Recognizing the need to clarify the difference between the two degrees of murder and the bases upon which a reviewing court may find that the evidence is sufficient to support a verdict of first degree murder, we set forth standards, derived *26from the nature of premeditation and deliberation as employed by the Legislature and interpreted by this court, for the kind of evidence which is sufficient to sustain a finding of premeditation and deliberation. We then analyze representative cases, including those which the People argue require an affirmance here.
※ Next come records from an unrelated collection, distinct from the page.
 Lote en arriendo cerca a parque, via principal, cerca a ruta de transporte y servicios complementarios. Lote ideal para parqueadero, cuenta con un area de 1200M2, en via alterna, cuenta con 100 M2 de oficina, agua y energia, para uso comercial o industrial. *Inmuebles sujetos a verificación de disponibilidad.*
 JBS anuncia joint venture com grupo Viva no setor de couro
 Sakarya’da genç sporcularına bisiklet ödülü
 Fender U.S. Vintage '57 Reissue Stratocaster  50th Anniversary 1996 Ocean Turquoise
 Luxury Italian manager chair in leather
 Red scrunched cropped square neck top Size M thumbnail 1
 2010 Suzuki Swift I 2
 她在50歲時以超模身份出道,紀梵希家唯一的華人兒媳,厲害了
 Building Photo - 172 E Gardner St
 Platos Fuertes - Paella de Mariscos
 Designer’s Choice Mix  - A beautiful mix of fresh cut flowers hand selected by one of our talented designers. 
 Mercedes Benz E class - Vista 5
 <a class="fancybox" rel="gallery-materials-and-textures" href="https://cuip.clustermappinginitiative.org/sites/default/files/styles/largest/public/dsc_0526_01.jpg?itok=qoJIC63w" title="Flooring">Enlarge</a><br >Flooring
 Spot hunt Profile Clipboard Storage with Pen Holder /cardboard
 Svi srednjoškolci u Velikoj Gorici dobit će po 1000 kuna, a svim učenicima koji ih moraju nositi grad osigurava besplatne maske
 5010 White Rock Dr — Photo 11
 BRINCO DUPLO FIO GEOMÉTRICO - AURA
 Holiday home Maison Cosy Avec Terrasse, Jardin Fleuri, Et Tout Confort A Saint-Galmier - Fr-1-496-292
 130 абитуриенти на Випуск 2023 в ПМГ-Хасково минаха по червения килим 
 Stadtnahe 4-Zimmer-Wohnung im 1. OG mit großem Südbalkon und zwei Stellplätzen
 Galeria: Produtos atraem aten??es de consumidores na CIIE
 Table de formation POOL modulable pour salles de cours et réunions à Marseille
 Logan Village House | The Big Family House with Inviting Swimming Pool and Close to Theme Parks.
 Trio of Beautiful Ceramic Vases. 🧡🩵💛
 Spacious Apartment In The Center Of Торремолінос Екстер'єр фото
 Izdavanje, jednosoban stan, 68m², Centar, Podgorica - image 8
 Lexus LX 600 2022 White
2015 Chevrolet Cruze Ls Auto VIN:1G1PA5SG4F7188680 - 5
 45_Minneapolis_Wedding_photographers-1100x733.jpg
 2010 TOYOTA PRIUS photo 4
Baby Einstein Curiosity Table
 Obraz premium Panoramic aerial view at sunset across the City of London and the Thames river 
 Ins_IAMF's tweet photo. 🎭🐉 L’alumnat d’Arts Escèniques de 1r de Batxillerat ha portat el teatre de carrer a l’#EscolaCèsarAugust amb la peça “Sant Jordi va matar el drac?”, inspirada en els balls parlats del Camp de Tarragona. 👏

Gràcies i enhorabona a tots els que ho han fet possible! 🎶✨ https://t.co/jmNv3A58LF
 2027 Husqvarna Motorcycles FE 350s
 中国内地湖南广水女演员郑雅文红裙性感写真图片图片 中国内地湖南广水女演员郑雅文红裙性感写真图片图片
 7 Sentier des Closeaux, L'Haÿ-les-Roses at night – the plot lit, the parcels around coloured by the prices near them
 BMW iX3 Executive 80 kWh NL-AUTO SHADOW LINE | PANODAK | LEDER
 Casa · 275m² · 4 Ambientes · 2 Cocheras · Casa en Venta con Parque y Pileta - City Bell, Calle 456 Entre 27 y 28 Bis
In conclusion we demonstrate, in light of the developed standards and two very similar cases (People v. Granados (1957) 49 Cal.2d 490 [319 P.2d 346]; People v. Craig (1957) 49 Cal.2d 313 [316 P.2d 947]) in which this court reduced the judgment from first to second degree murder, that the kind of evidence from which a jury can reasonably infer that an accused wilfully, deliberately, and with premeditation killed his victim within the meaning of Penal Code section 189 is totally lacking here.

As we noted in People v. Bender, supra, 27 Cal.2d 164, 183, we find no indication that the Legislature intended to give the words “deliberate” and “premeditated” other than their ordinary dictionary meanings. Moreover, we have repeatedly pointed out that the legislative classification of murder into two degrees would be meaningless if “deliberation” and “premeditation” were construed as requiring no more reflection than may be involved in the mere formation of a specific intent to kill. (People v. Wolff, supra. 61 Cal.2d 795, at p. 821; People v. Caldwell, supra, 43 Cal.2d 864, at p. 869; People v. Thomas (1945) 25 Cal.2d 880, 898 [156 P.2d 7].)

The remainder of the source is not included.